THE HAGUE, Netherlands — Axel Clauberg, a networking VP at Deutsche Telekom and chairman of the board of the Telecom Infra Project (TIP), is a little bit annoyed that everyone thinks TIP is strictly a Facebook project. When Facebook announced TIP in February 2016, it was joined by Intel, Nokia, Deutsche Telekom, and SK Telecom.
At last week’s SDN and NFV World Congress, Clauberg spoke about TIP and then later he saw a tweet from an event attendee who referred to it as “the Facebook Infra Project.” At a breakout session later Clauberg said, “No. It’s not the Facebook Infra Project; it’s the Telecom Infra project!”
Clauberg said that soon TIP plans to add two more service providers to its board of directors. We can speculate that one of those is likely to be BT, which is very active in TIP.
TIP’s mission is to invent new technologies and simplify existing telecom technologies to bring Internet connectivity to those parts of the world that don’t have it. The plan is to use a similar model Facebook has used so successfully with the Open Compute Project, disaggregating software and hardware. The TIP community, which now counts more than 450 members, includes Internet companies, telcos, vendors, and system integrators.
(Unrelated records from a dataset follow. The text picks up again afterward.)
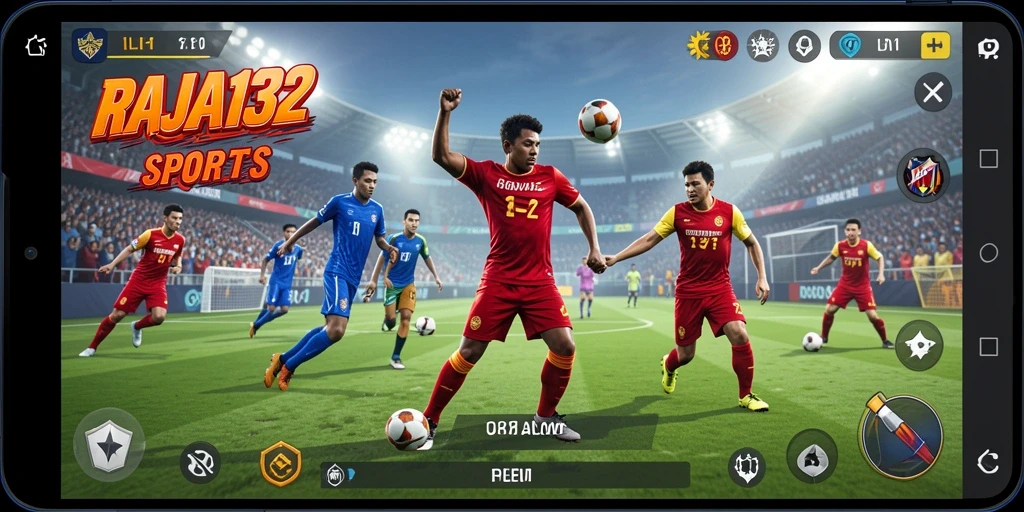 Screenshot RAJA132 menunjukkan aksi seru dalam permainan olahraga.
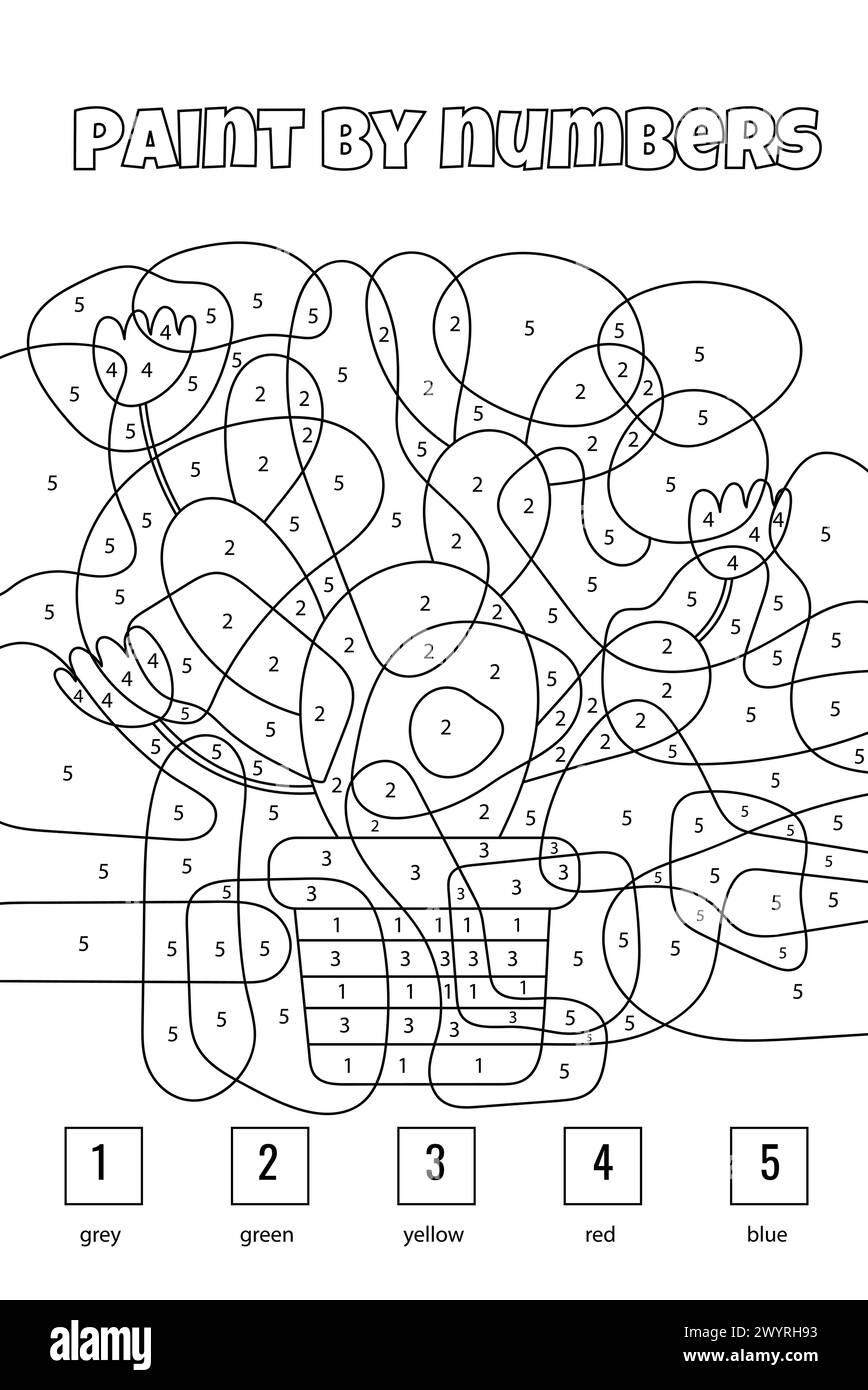 Color by Numbers Cactus page est Une activité de coloriage pour la créativité des enfants Illustration de Vecteur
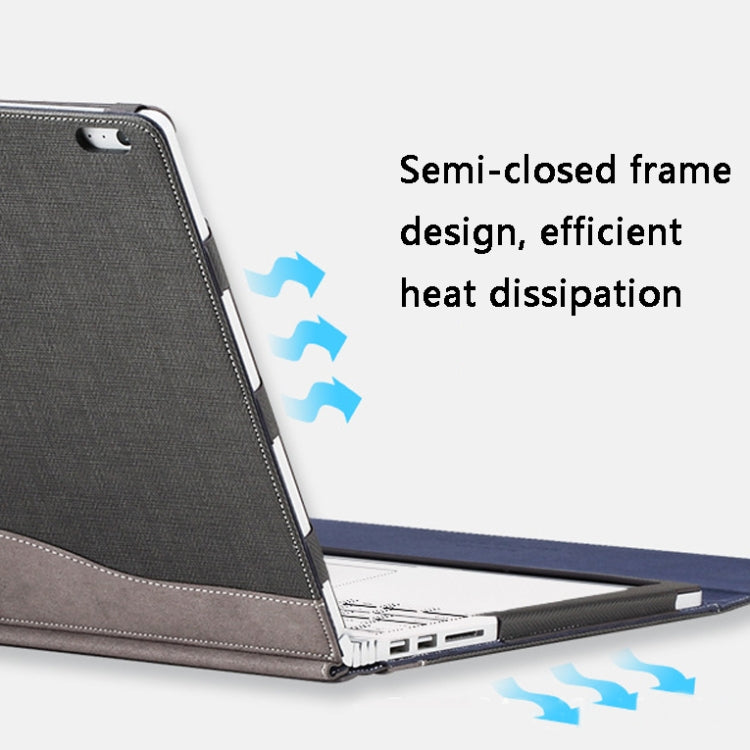 PU Leather Laptop Protective Sleeve For Microsoft Surface Book 3 13.5 inches(Gentleman Gray)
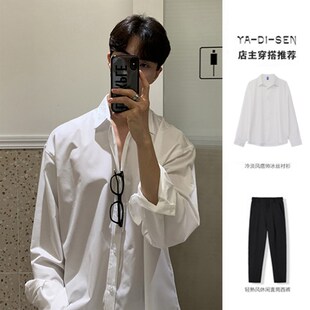 咖色衬衫男士长袖高级感痞帅秋季ifashion休闲寸衣dk垂感内搭衬衣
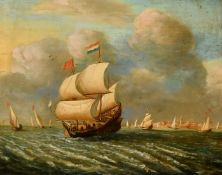 20th Century, A busy shipping scene with sailing boats of a foreign coast, oil on panel, 9.25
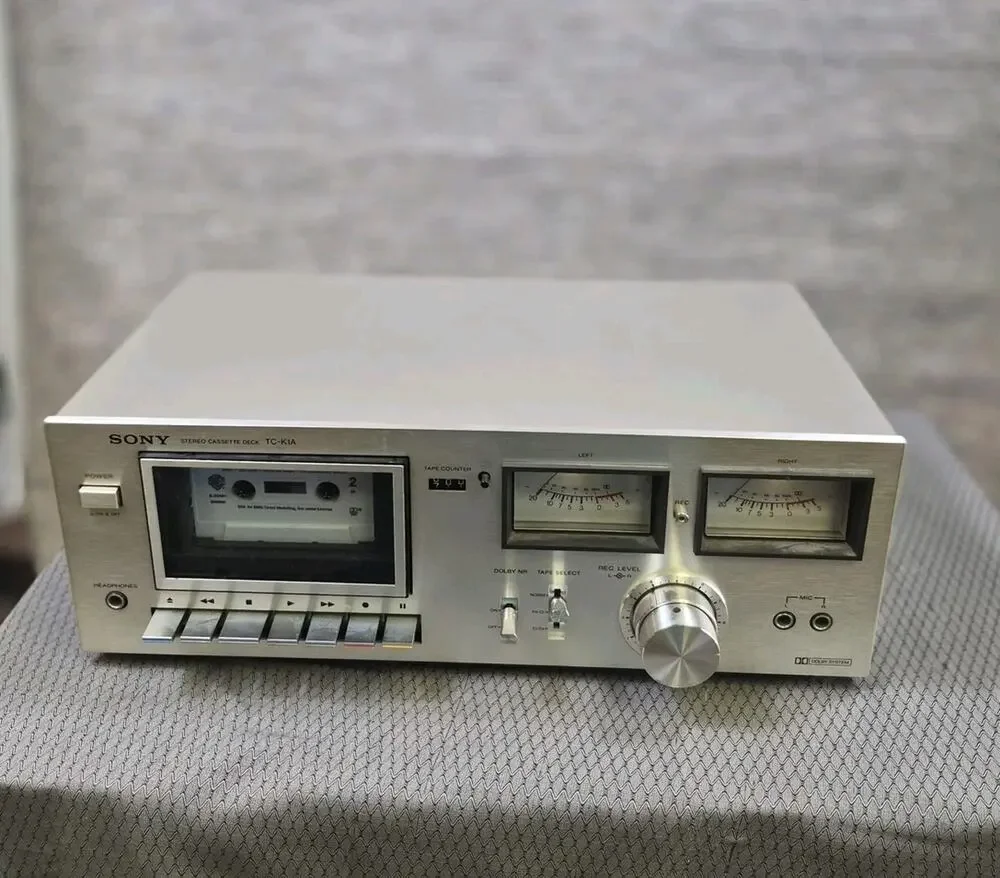 Vintage Sony TC-K1A Stereo Cassette Tape Deck Silver Dolby NR VU Meters Hi-Fi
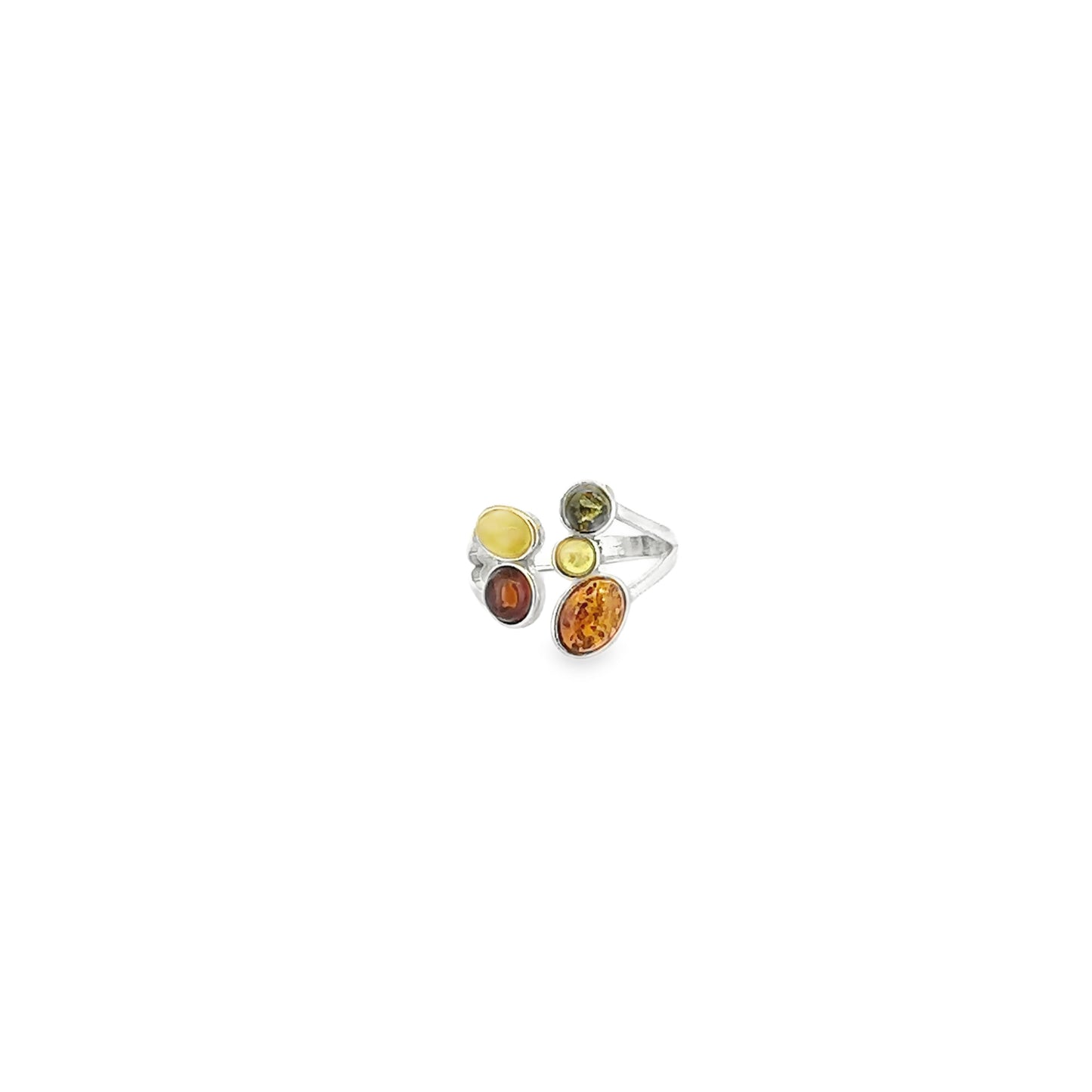 Colorful Multi-Amber Silver Ring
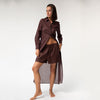 Linen Voile Button-Down Long Shirt Dress Restorative Brown - Myza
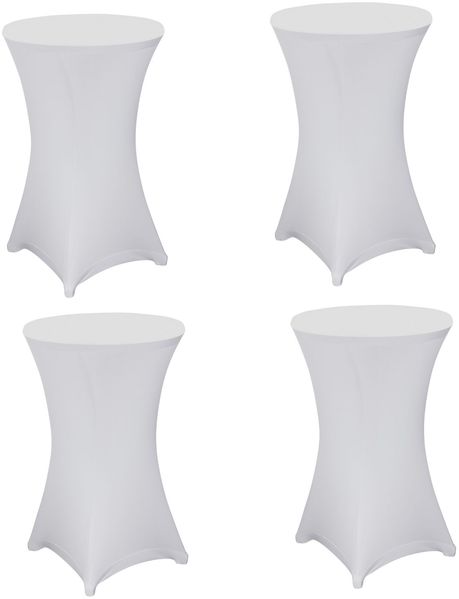 4x Julido Stehtischhusse Husse Weiß Stehtisch Stretch Ø 80cm Bistrotisch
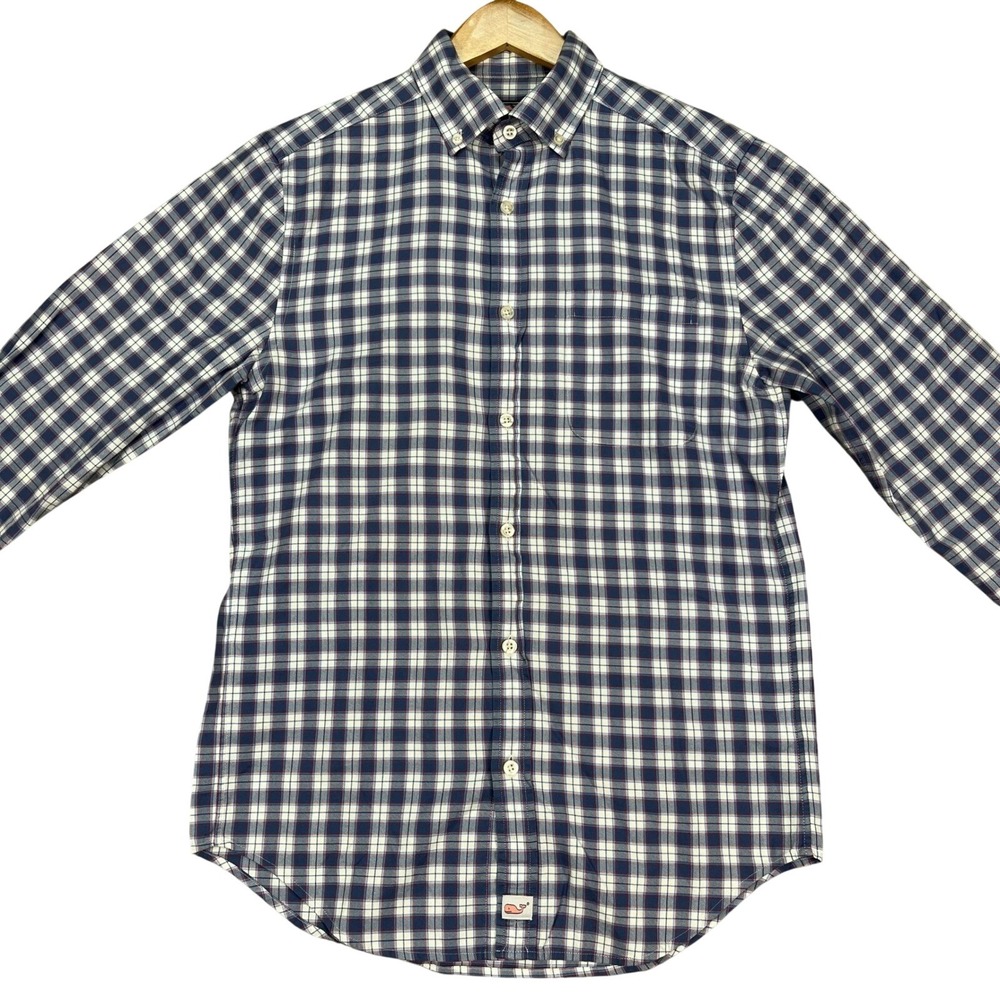 Vineyard Vines Shirt Mens XS Blue White Gingham Check Button Down Whale EUC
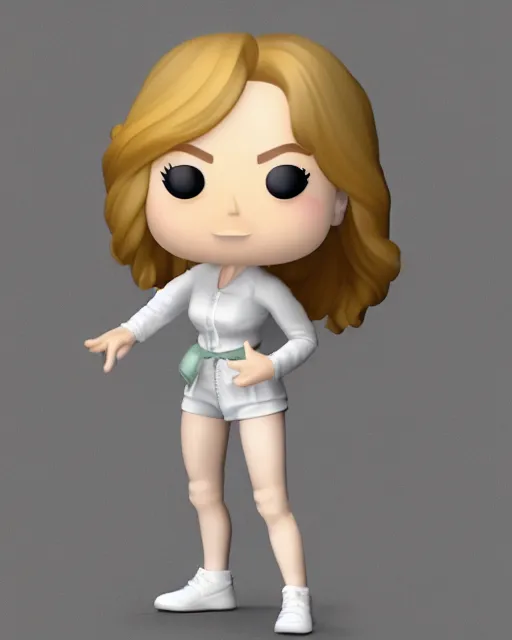 Image similar to full body 3d render of Nicole Kidman as a funko pop, studio lighting, white background, blender, trending on artstation, 8K, highly detailed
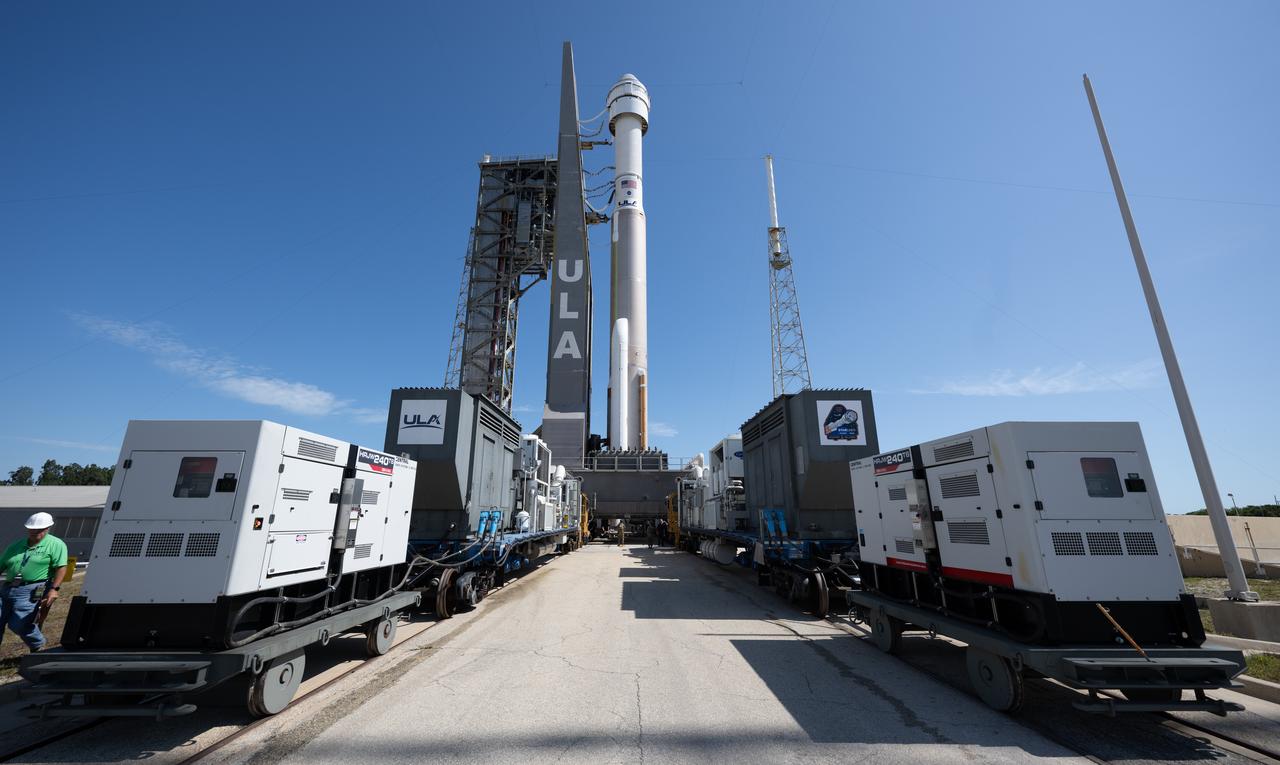 A United Launch Alliance Atlas V rocket with Boeing’s CST-100 Starliner spacecraft aboard is seen as it is rolled out of the Vertical Integration Facility to the launch pad at Space Launch Complex 41 ahead of the NASA’s Boeing Crew Flight Test, Saturday, May 4, 2024 at Cape Canaveral Space Force Station in Florida. NASA’s Boeing Crew Flight Test is the first launch with astronauts aboard the Starliner spacecraft and Atlas V rocket to the International Space Station as part of the agency’s Commercial Crew Program. The flight test, targeted for launch at 10:34 p.m. EDT on Monday, May 6, serves as an end-to-end demonstration of Boeing’s crew transportation system and will carry NASA astronauts Butch Wilmore and Suni Williams to and from the orbiting laboratory. Photo Credit: (NASA/Joel Kowsky)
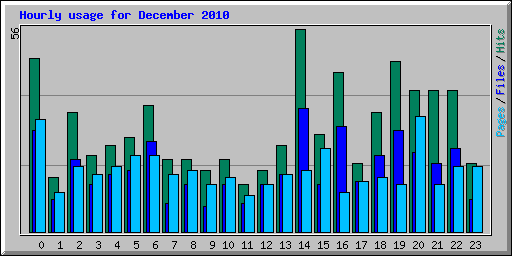 Hourly usage for December 2010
TIP has divided its work into three areas — access, backhaul, and core and management — to explore new hardware and software architectures. Although the access work area has the most number of projects, the most prominent working area so far is the backhaul area.
The open optical project led by Equinix and Facebook falls under the backhaul work area. In November 2016, the group announced its Voyager packet-optical transponder platform. And in March 2017, Telia Carrier completed a successful trial of 100G and 200G using the Voyager white box transponder on Telia Carrier’s 677-mile Stockholm to Hamburg route.
At the SDN and NFV World Congress Uwe Fischer, CTO of Coriant, said Coriant is involved with TIP’s open optical project. “One of the core ideas of TIP is doing the same thing that OCP did in the data center, making things more standardized. It’s also a way to influence how networks are built in the future. We are very much engaging with the Voyager box.”
Also under the backhaul work area, Facebook and DT are working together on the millimeter wave (mmWave) project. “It’s focused on the unlicensed 60GHz tech and the economic models and everything you need to build a mmWave network in a difficult part of the network,” said Clauberg. “You cannot really go long distances, but the great thing is, in most parts of the world it’s free spectrum.”
The mmWave Group aims to address the growing demand for bandwidth in dense, highly populated cities by delivering gigabits of capacity cheaper compared to deploying fiber.
TIP is reexamining its core and management work area. According to the TIP website, the goal of the projects in this area is to share cultural and process transformation practices. But Clauberg said, “These were not working out the way we intended from the board perspective. We didn’t get enough people behind the initiative.”
BT and TIP
Mansoor Hanif, director of converged networks for BT, said the company decided to participate in TIP as a way to network with telecom innovators. He indicated that BT was an old, entrenched telco that had a hard time connecting with startups. “We realized TIP was the perfect environment to directly engage with a new ecosystem,” said Hanif. “This is very new for networks where we usually only talked to big fish. Now we’re right down talking to the plankton. TIP is an excellent alternative route to accelerate innovation.”
One way that BT plans to collaborate with “the plankton” is by hosting a TIP Ecosystem Acceleration Center (TEAC). Earlier this month, both BT and SK Telecom announced they were hosting TEACs in the United Kingdom and Seoul, respectively. The TEACs bring together telcos with startups, enticing the startups with access to venture capital and mentorship opportunities.